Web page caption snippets

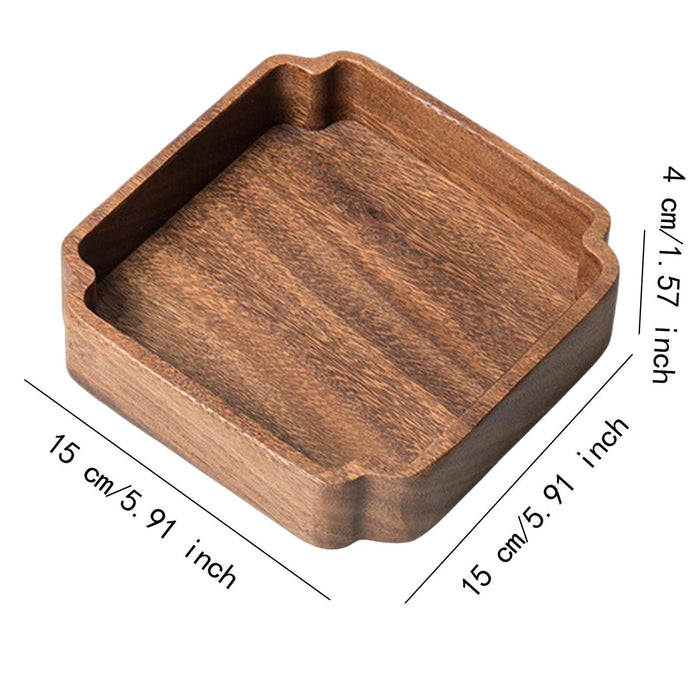 Square Serving Tray Decorative Serving Bowl for Kitchen Household Restaurant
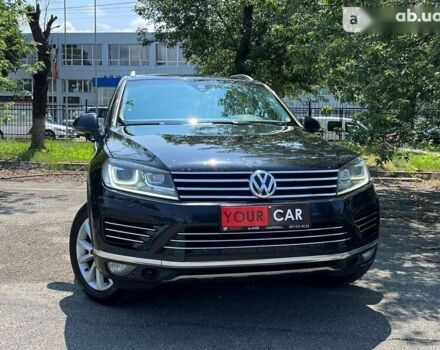 Фольксваген Туарег, об'ємом двигуна 3 л та пробігом 353 тис. км за 27500 $, фото 8 на Automoto.ua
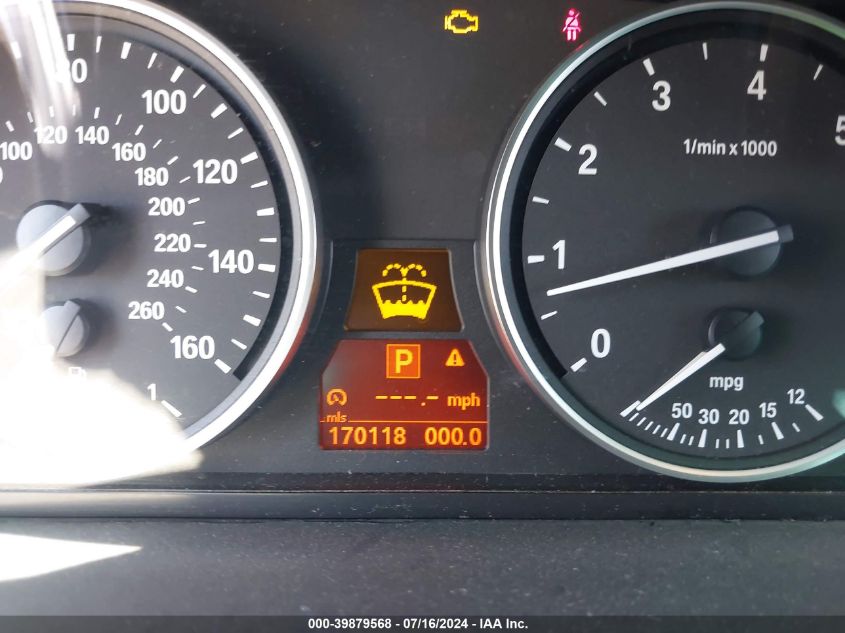 2009 BMW 535I VIN: WBANW13509C162088 Lot: 39879568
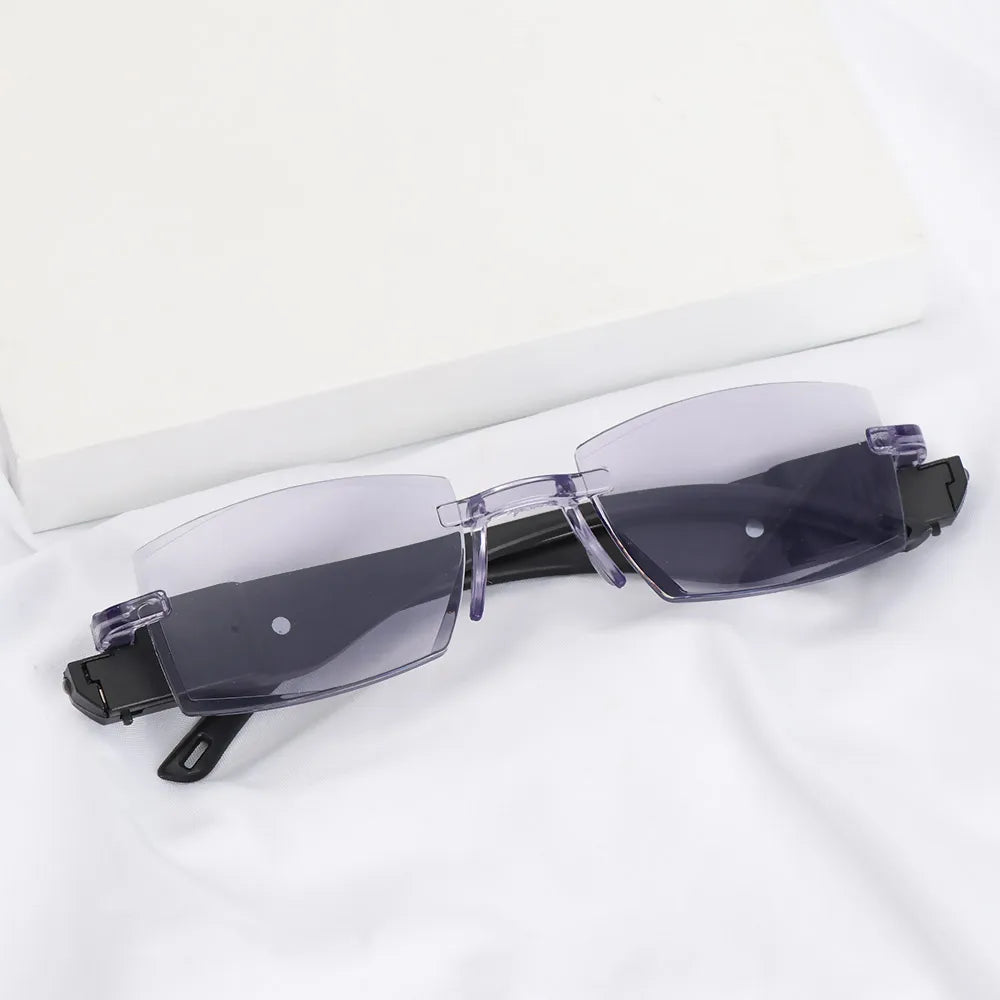 Intelligent Zoom Reading Glasses Led with Light Presbyopia Glasses Suitable for +1.0 To +3.5 Men and Women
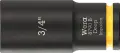 Wera 005572 Nástrčná hlavice 3/8" 6hran 3/4" typ 8790 B Impaktor Deep, dlouhá, palcová (W05005572001)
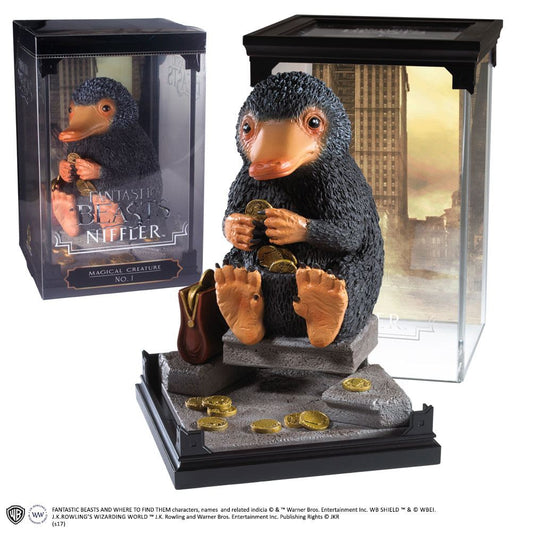 Fantastic Beasts Magical Creatures Statue Niffler 18 cm 0849421004194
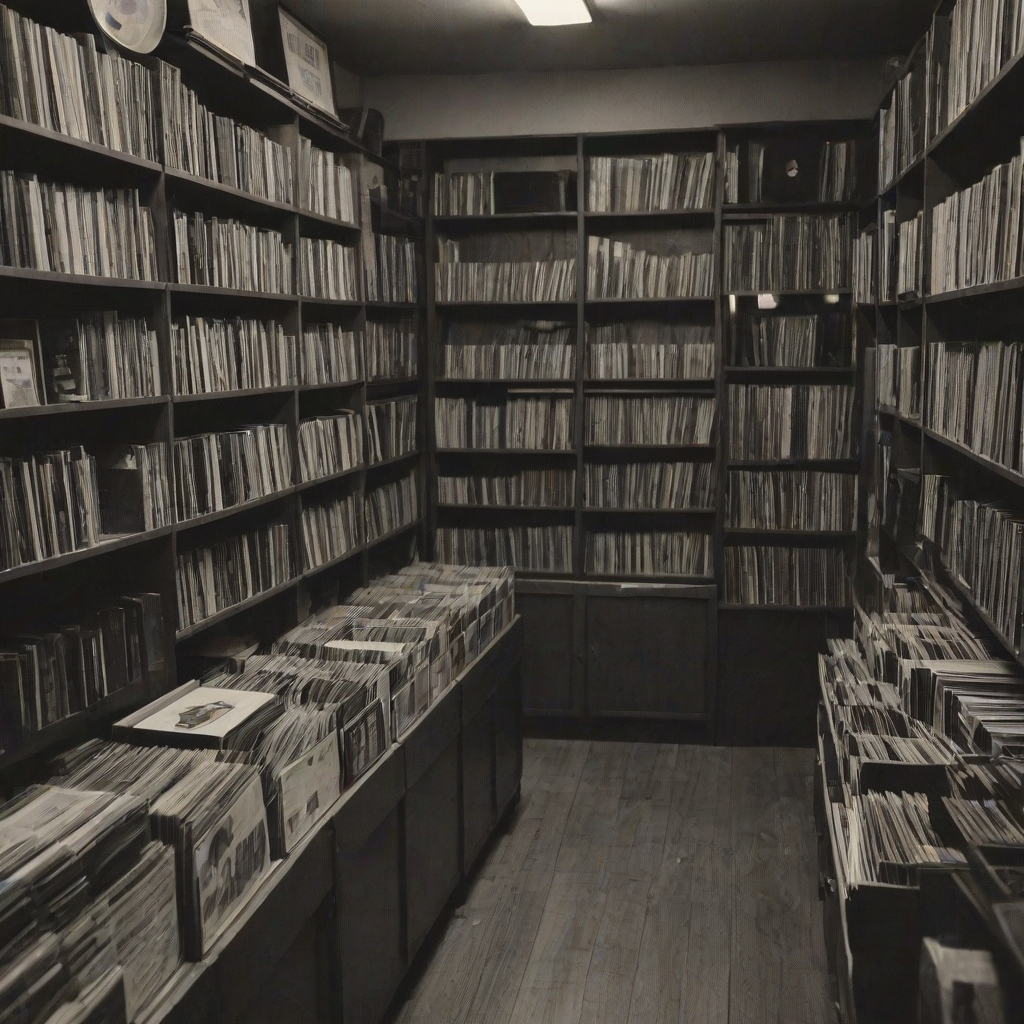RECORD STORE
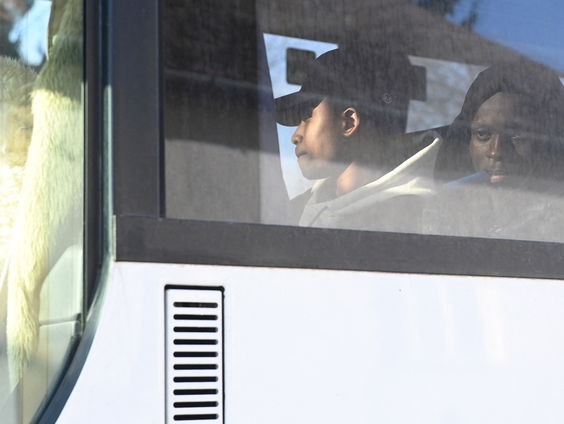 Nigeriaanse studenten vluchten met moeite uit Oekraïne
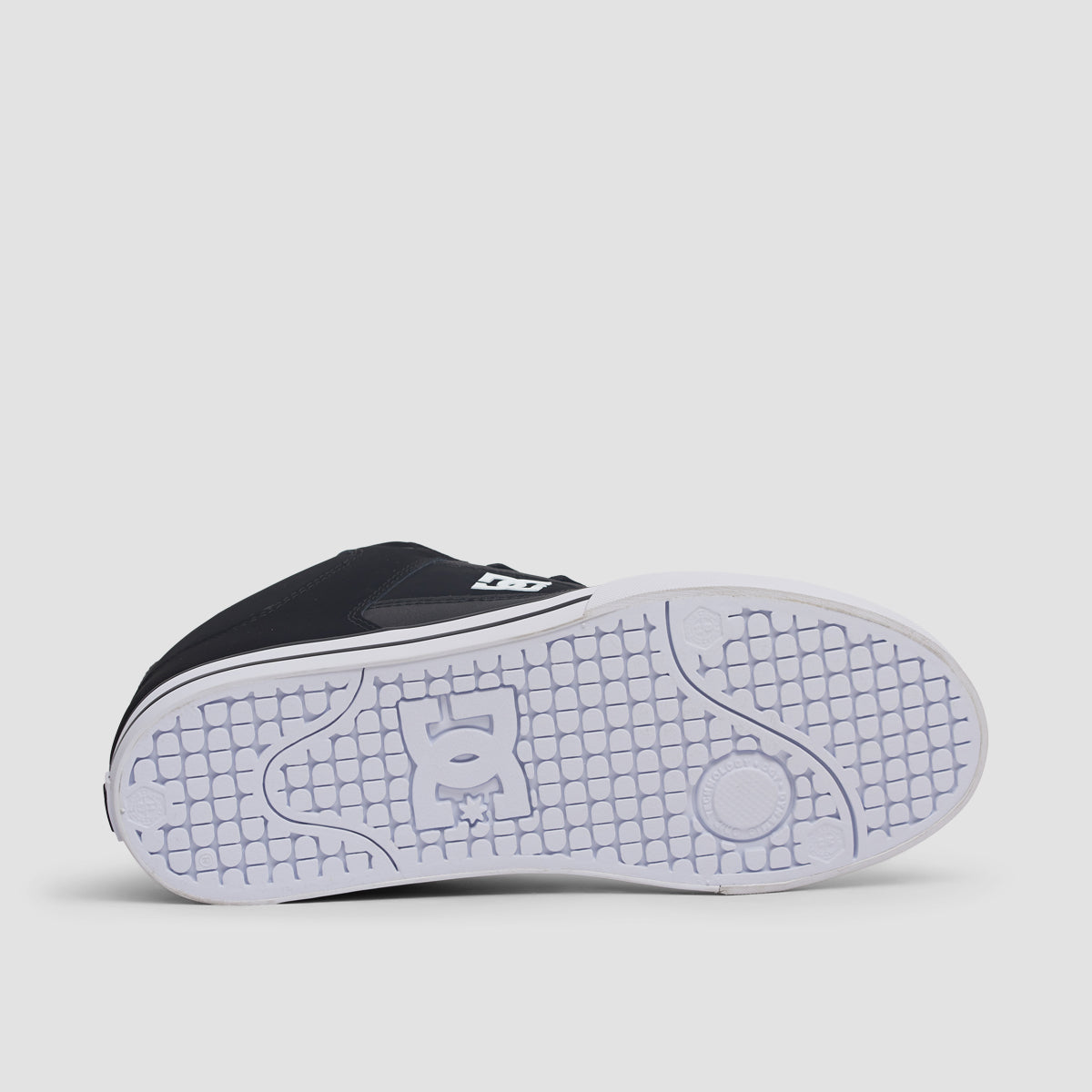 DC Pure Mid Shoes - Black/White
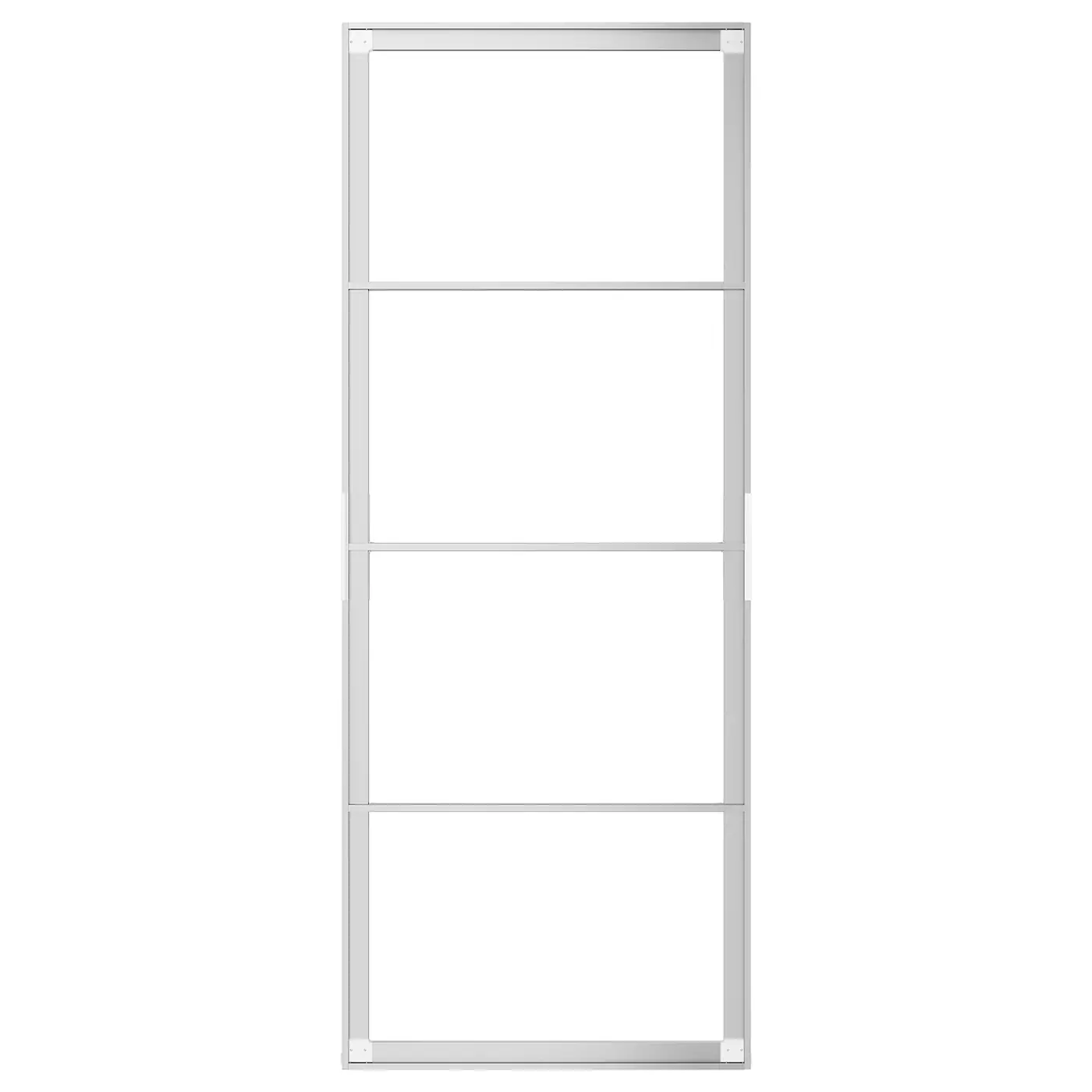 SKYTTA Okvir kliznih vrata, aluminijum, 77x196 cm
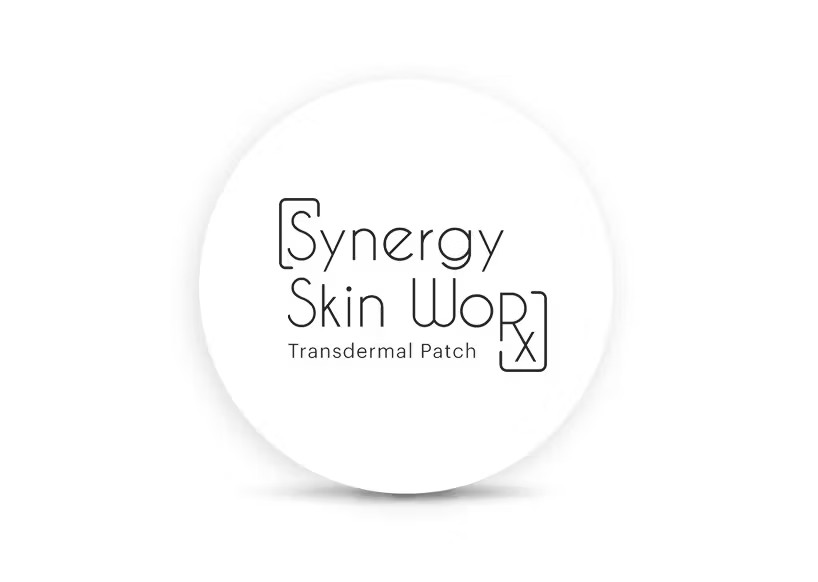 THC Entourage Transdermal Patch {SynergySkinWorx}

DESCRIPTION OF THE TASK:
Write out every line above exactly as it is, leaving out the pictures.

WRITTEN SOLUTION:
 Square Serving Tray Decorative Serving Bowl for Kitchen Household Restaurant
 Фольксваген Туарег, об'ємом двигуна 3 л та пробігом 353 тис. км за 27500 $, фото 8 на Automoto.ua
 2009 BMW 535I VIN: WBANW13509C162088 Lot: 39879568
 Intelligent Zoom Reading Glasses Led with Light Presbyopia Glasses Suitable for +1.0 To +3.5 Men and Women
 Wera 005572 Nástrčná hlavice 3/8" 6hran 3/4" typ 8790 B Impaktor Deep, dlouhá, palcová (W05005572001)
 Fantastic Beasts Magical Creatures Statue Niffler 18 cm 0849421004194
RECORD STORE
 Nigeriaanse studenten vluchten met moeite uit Oekraïne
 DC Pure Mid Shoes - Black/White
 SKYTTA Okvir kliznih vrata, aluminijum, 77x196 cm
 THC Entourage Transdermal Patch {SynergySkinWorx}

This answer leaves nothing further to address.